■ **Extracted information**
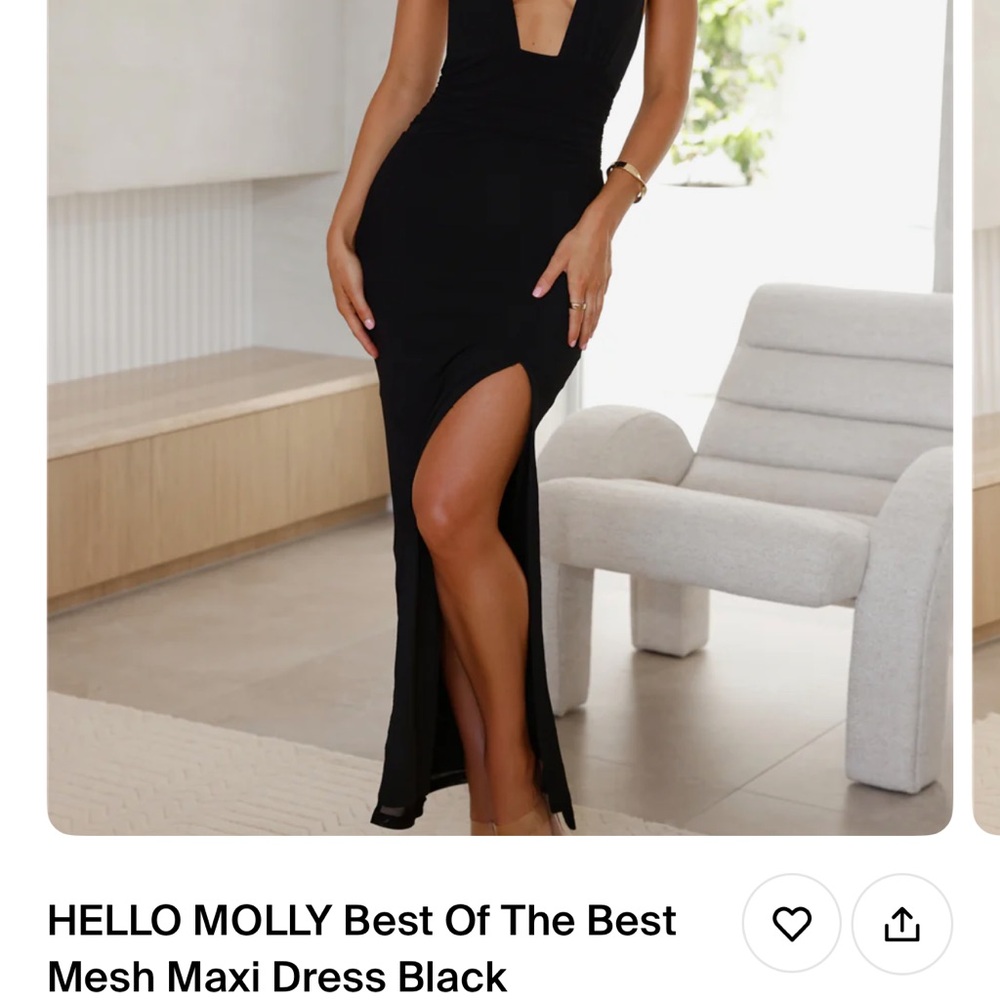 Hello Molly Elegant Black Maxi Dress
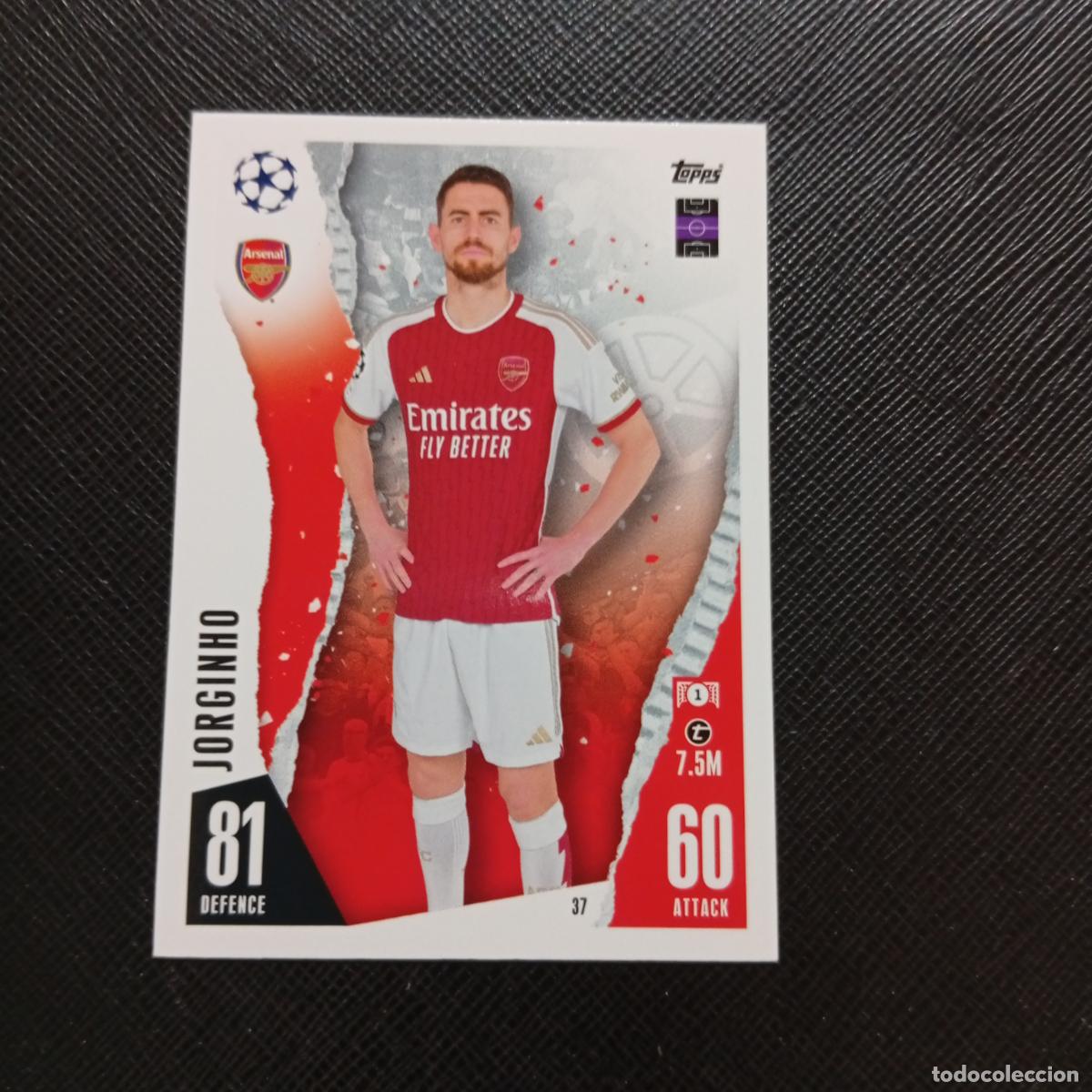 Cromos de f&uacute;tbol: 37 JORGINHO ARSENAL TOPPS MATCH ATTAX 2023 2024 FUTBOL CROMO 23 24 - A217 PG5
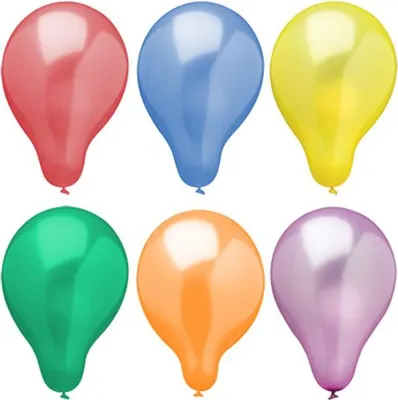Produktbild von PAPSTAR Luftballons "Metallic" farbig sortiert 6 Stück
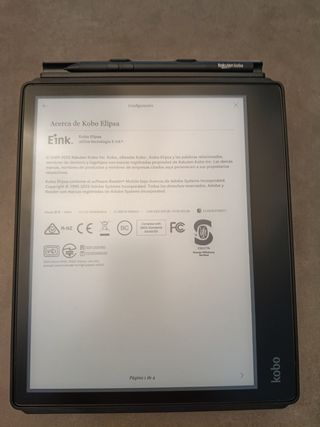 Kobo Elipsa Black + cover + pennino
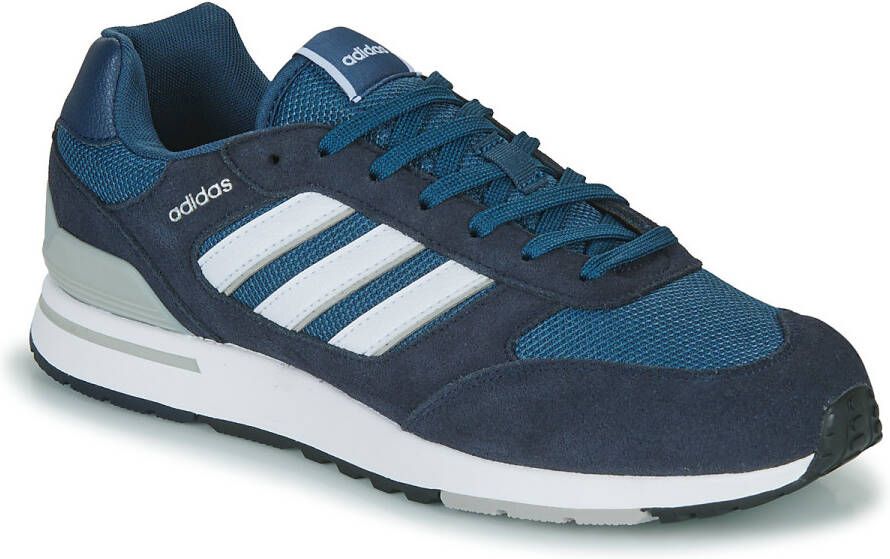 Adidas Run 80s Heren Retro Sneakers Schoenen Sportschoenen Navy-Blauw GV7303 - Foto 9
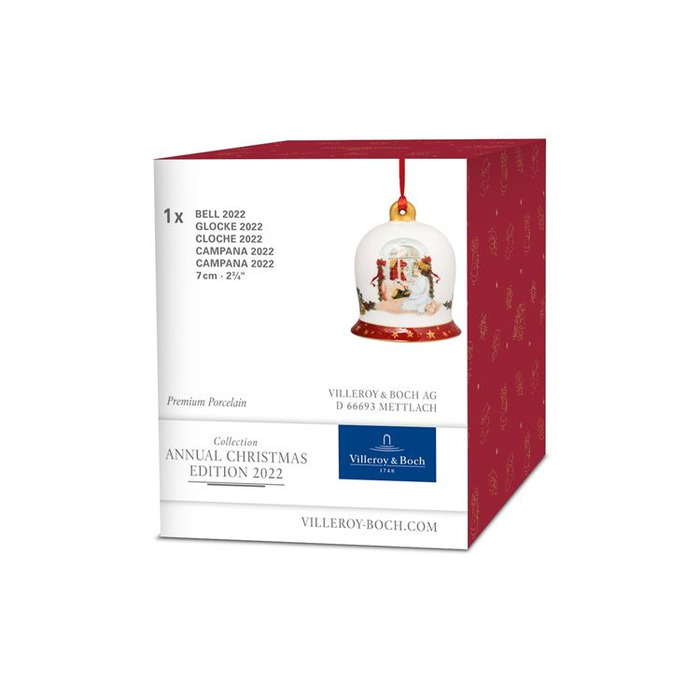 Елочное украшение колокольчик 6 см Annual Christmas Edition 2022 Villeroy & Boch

■ **Assignment**
Each entry above must be printed exactly, apart from its pictures.

■ **Exercise response**
 Hello Molly Elegant Black Maxi Dress
 Cromos de f&uacute;tbol: 37 JORGINHO ARSENAL TOPPS MATCH ATTAX 2023 2024 FUTBOL CROMO 23 24 - A217 PG5
Produktbild von PAPSTAR Luftballons "Metallic" farbig sortiert 6 Stück
 Kobo Elipsa Black + cover + pennino
 Adidas Run 80s Heren Retro Sneakers Schoenen Sportschoenen Navy-Blauw GV7303 - Foto 9
 Елочное украшение колокольчик 6 см Annual Christmas Edition 2022 Villeroy & Boch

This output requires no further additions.